Figure 3. Evaluation of the mechanism of phagocytosis modulation. BV-2 effector cells efferocytose apoptotic Neuro2A cells (left hand panels) or E. coli bioparticles (middle panels).  Cytochalasin D (top panels) elicits a concentration-dependent inhibition of both efferocytosis and phagocytosis, yielding IC₅₀ values of 0.16 µM and 1.5 µM, respectively.  In contrast, cilengitide, an inhibitor of aVb3 and aVb5 integrins, selectively attenuates efferocytosis (IC₅₀ value 0.17 µM), while inducing little or no effect on phagocytosis at the highest concentration tested (100 µM). These data support the role of integrins in the cell interactions required for efferocytosis, but not in the phagocytosis of bacteria.

• Observe microglial chemotaxis with images and movies
• Utilize only 1000 to 5000 cells per Incucyte^® Clearview 96-well Chemotaxis Plate, ideal for low cell usage of rare, expensive and primary cell populations

Figure 4. Evaluate microglial chemotaxis and migration. Image of iPSC-derived microglia (CDI) in an Incucyte^® Clearview Plate. Pores are circled in blue (left). Microglia demonstrate a time- and concentration-dependent migration towards Complement component 5a (C5a).

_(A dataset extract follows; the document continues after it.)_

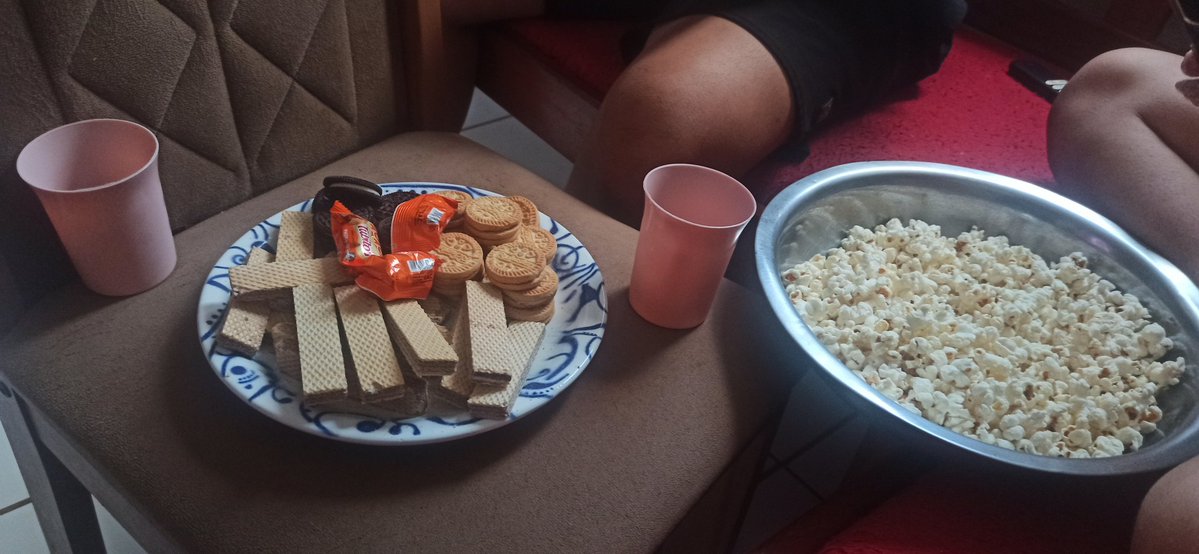 ummlkai35's tweet photo. Foto não é convite, Go drinking baby https://t.co/vuKLkrOkz5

• Track changes in morphology during the differentiation of monocytes to microglia

Figure 5. Visualization of the morphological changes of iPSC-derived monocytes (Axol BioScience) differentiated to microglia. Note the varied appearance of microglia.  After 12 days, red arrows highlight cells with a ramified appearance, whereas the yellow arrows show the larger flat amoeboid cells. Cells were fed with differentiation media every 2 days for 14 days, and Phase images acquired at 20x magnification every 6 hours.

• Assess real-time changes in Akt activity in neuroinflammatory microglial models using non-perturbing Incucyte^® Kinase Akt Green/Red Lentivirus. 

Figure 6. Direct and indirect inhibitory compound effects on microglial Akt activity. HMC3 microglia cells were labeled with the Incucyte^® Kinase Green/Red Lentivirus, a genetically-encoded fluorescent kinase translocation reporter whose subcellular localization is phosphorylation dependent. Cells seeded into a 96-well plate were treated with inhibitors targeting Akt (MK2206), and both upstream PI3K (LY294002 and Wortmannin) and downstream mTOR (PP242). HD Phase contrast and fluorescent images were acquired using the Incucyte^® Live-Cell Analysis System and the nuclear translocation ratio (NTR), an indicator of Akt activity, was quantified using integrated software.

The plate view displays the NTR response over 24 hours where all four compounds display concentration-dependent inhibition of Akt activity, as indicated by a decrease in NTR. PI3K inhibitors LY294002 and Wortmannin showed rapid inhibition followed by a recovery to basal Akt activity levels, whilst allosteric Akt Inhibitor MK2206 and mTOR inhibitor PP242 attenuates Akt activity in a sustained manner. Transformation of the data into concentration-response curves for NTR at 6 hours post-treatment indicates that MK2206 has the most potent effect. Images of the green fluorescence channel show that the fluorescence in untreated (vehicle) cells is distributed across both the cytoplasm and the nucleus, however the MK2206 treated cells show distinct localization in the nucleus, indicative of Akt inhibition.